### Records to process
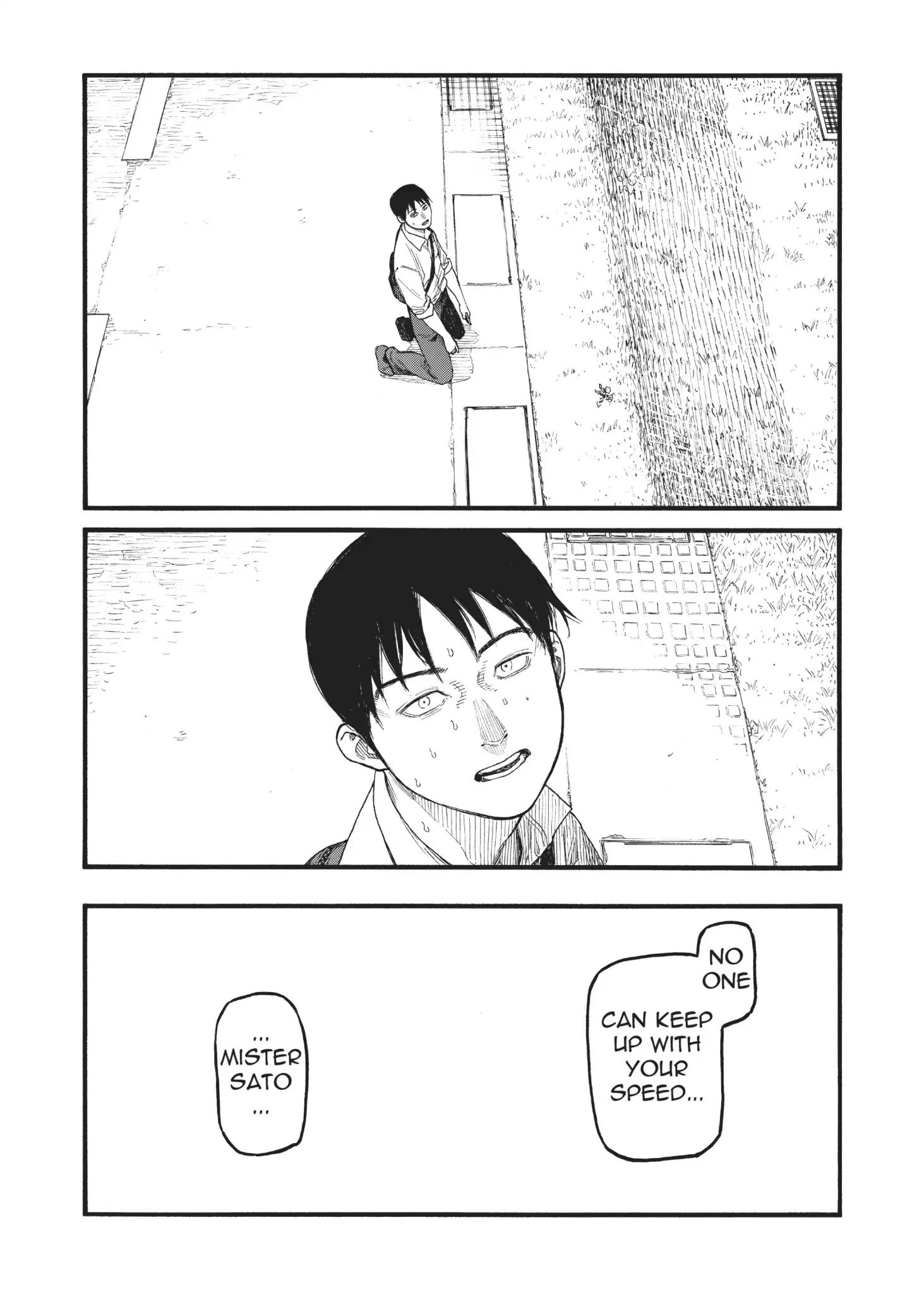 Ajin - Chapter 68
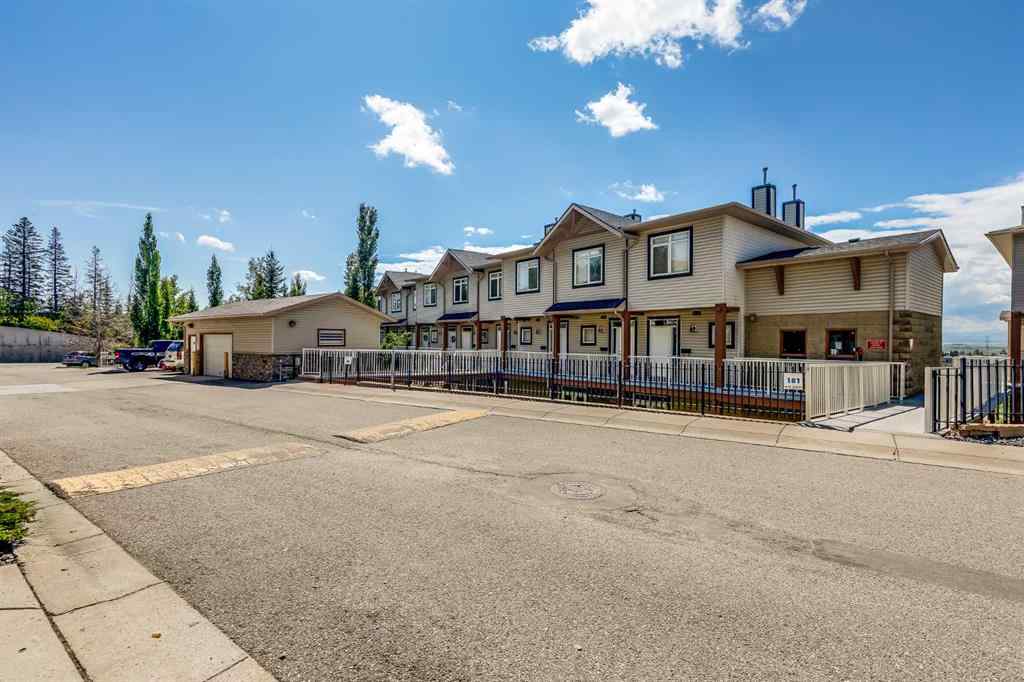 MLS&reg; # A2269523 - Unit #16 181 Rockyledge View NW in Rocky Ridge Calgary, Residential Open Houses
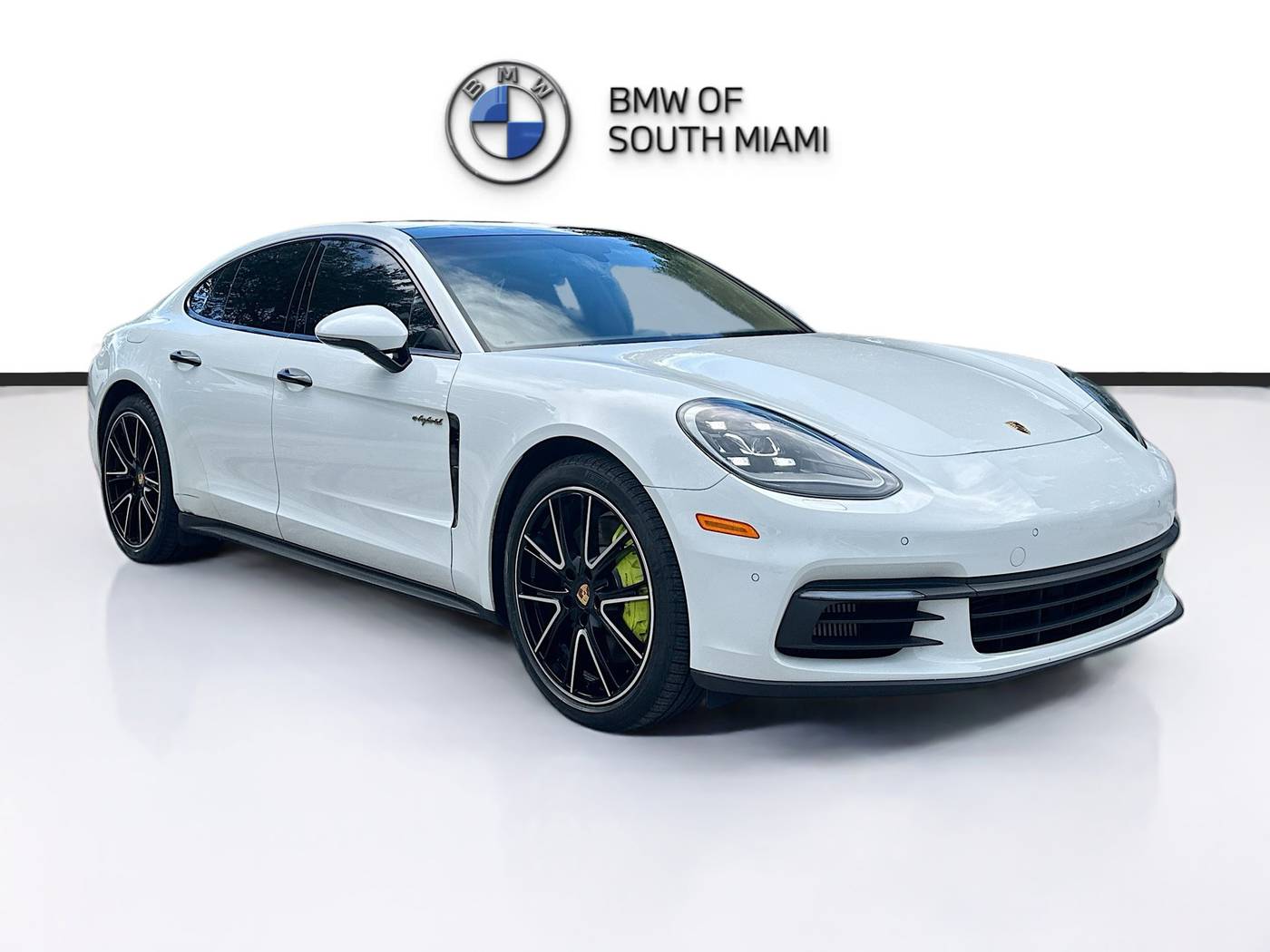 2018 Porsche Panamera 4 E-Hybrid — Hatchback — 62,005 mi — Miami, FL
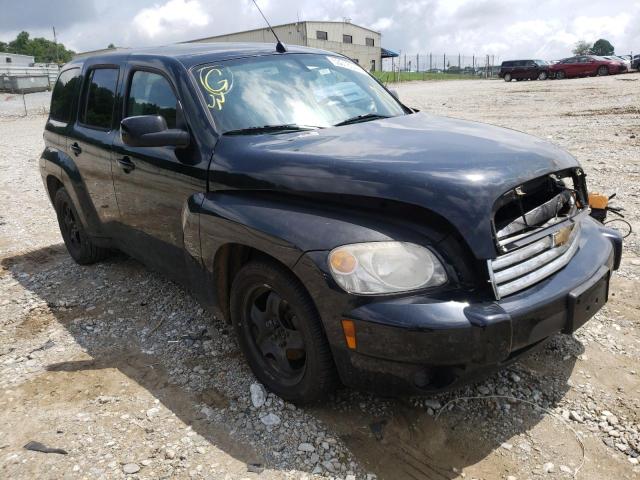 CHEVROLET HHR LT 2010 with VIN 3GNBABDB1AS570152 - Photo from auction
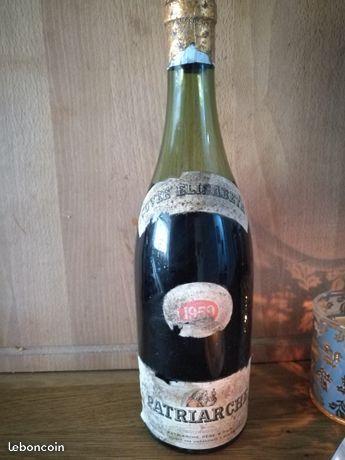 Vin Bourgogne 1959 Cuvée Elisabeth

### Problem to solve
Repeat the whole listing above word for word. Leave out the pictures.

### Solution to this exercise
 Ajin - Chapter 68
 MLS&reg; # A2269523 - Unit #16 181 Rockyledge View NW in Rocky Ridge Calgary, Residential Open Houses
 2018 Porsche Panamera 4 E-Hybrid — Hatchback — 62,005 mi — Miami, FL
 CHEVROLET HHR LT 2010 with VIN 3GNBABDB1AS570152 - Photo from auction
 Vin Bourgogne 1959 Cuvée Elisabeth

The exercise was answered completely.